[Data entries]
◆ ◆ ◆

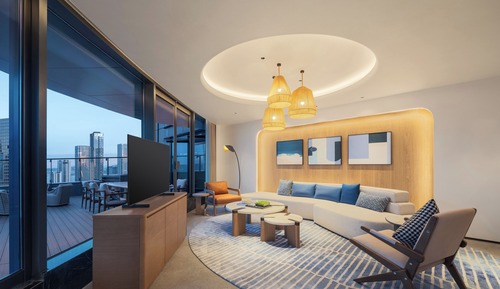 Habitación Premier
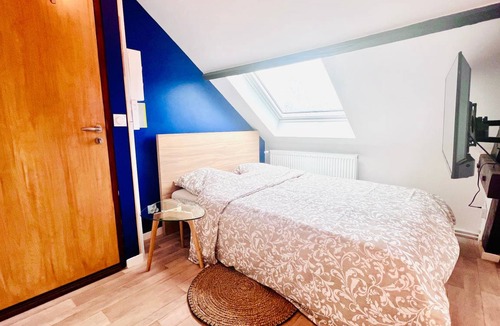 Saint-Honore - Jeanne d'Arc Apartment | 22 m² Apartment ∙ 2 guests
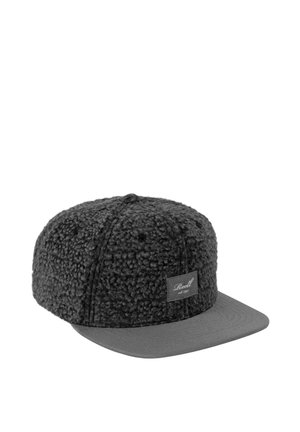 SUEDE - Cap - frosted grey
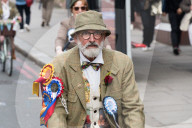 The Tweed Run In London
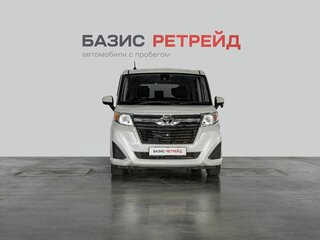 2018 Toyota Roomy I, белый, 999000 рублей, вид 2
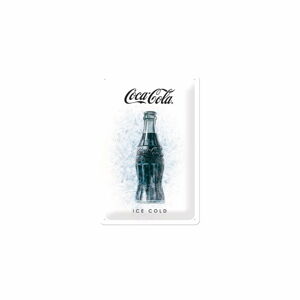 Nástěnná dekorativní cedule Postershop Coca-Cola Ice Cold
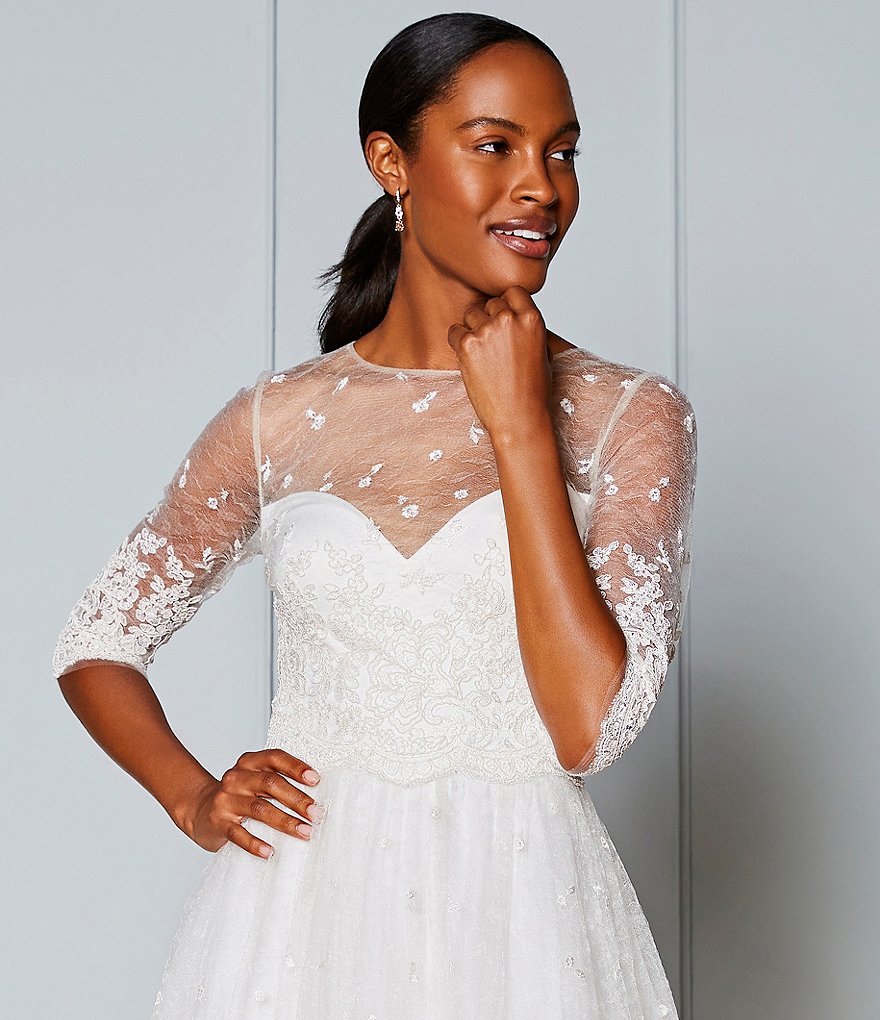 Givenchy Small Double Drop Earrings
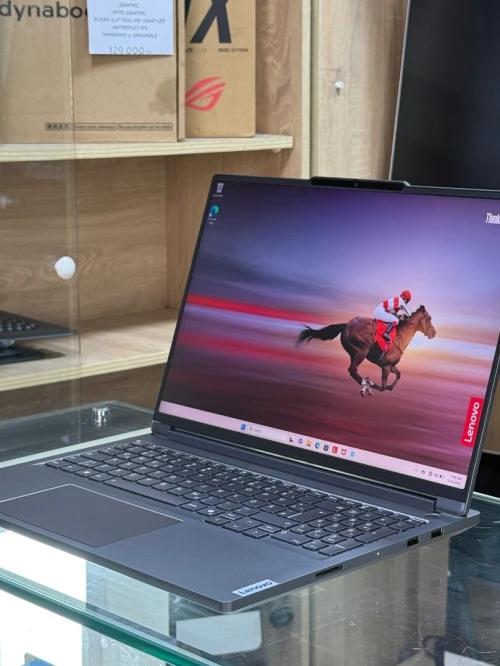 LENOVO THINKBOOK 16P G5 IRX I9 14900Hx 32GO 1TO SSD NVME NVIDIA GEFORCE RTX4060 8GO GDDR6 4K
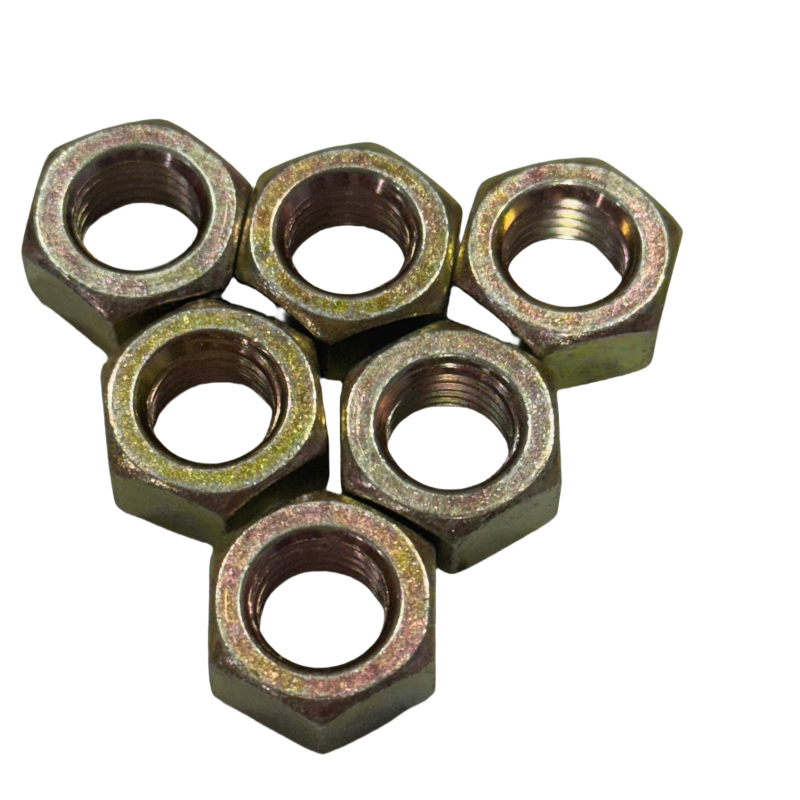 Hexagonal Nut Coarse Thread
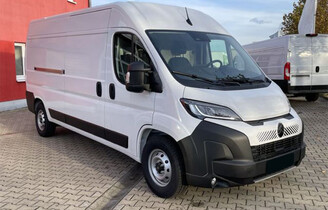 Citroen Jumper L3H2 2.2 140KM Furgon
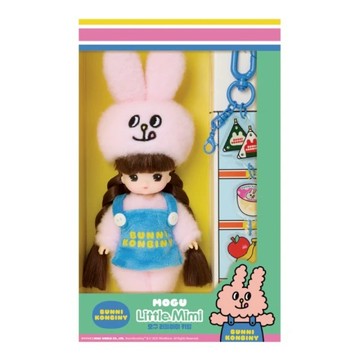 MIMIWORLD 兔子便利商店迷你小MIMI吊飾-MOGUToysRUs玩具反斗城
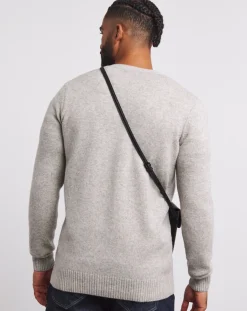Jacamo Lambswool Cardigan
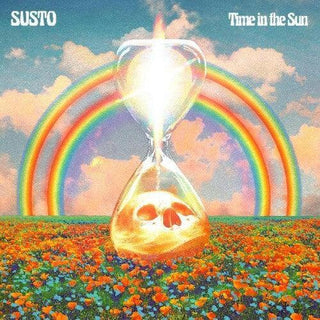 Susto- Time In The Sun - Darkside Records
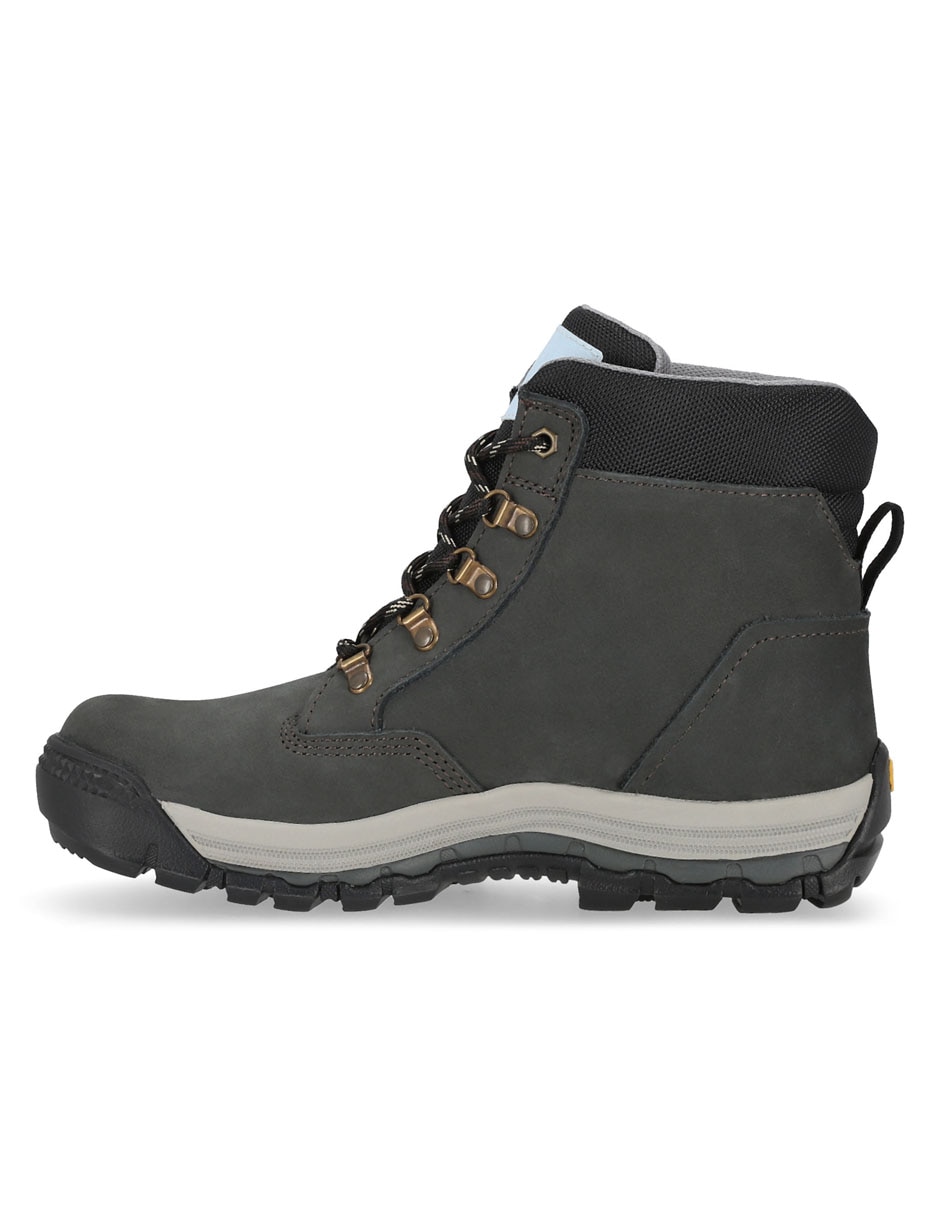 Bota arriba del tobillo Caterpillar Glover St M4M de piel para mujer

◆ ◆ ◆

Your answer must consist only of the lines from the one containing "The Tweed Run In London" through the end of the entries, restated word for word, with no pictures.

- [Exercise output]:
 The Tweed Run In London
 2018 Toyota Roomy I, белый, 999000 рублей, вид 2
 Nástěnná dekorativní cedule Postershop Coca-Cola Ice Cold
 Givenchy Small Double Drop Earrings
 LENOVO THINKBOOK 16P G5 IRX I9 14900Hx 32GO 1TO SSD NVME NVIDIA GEFORCE RTX4060 8GO GDDR6 4K
 Hexagonal Nut Coarse Thread
 Citroen Jumper L3H2 2.2 140KM Furgon
 MIMIWORLD 兔子便利商店迷你小MIMI吊飾-MOGUToysRUs玩具反斗城
Jacamo Lambswool Cardigan
 Susto- Time In The Sun - Darkside Records
 Bota arriba del tobillo Caterpillar Glover St M4M de piel para mujer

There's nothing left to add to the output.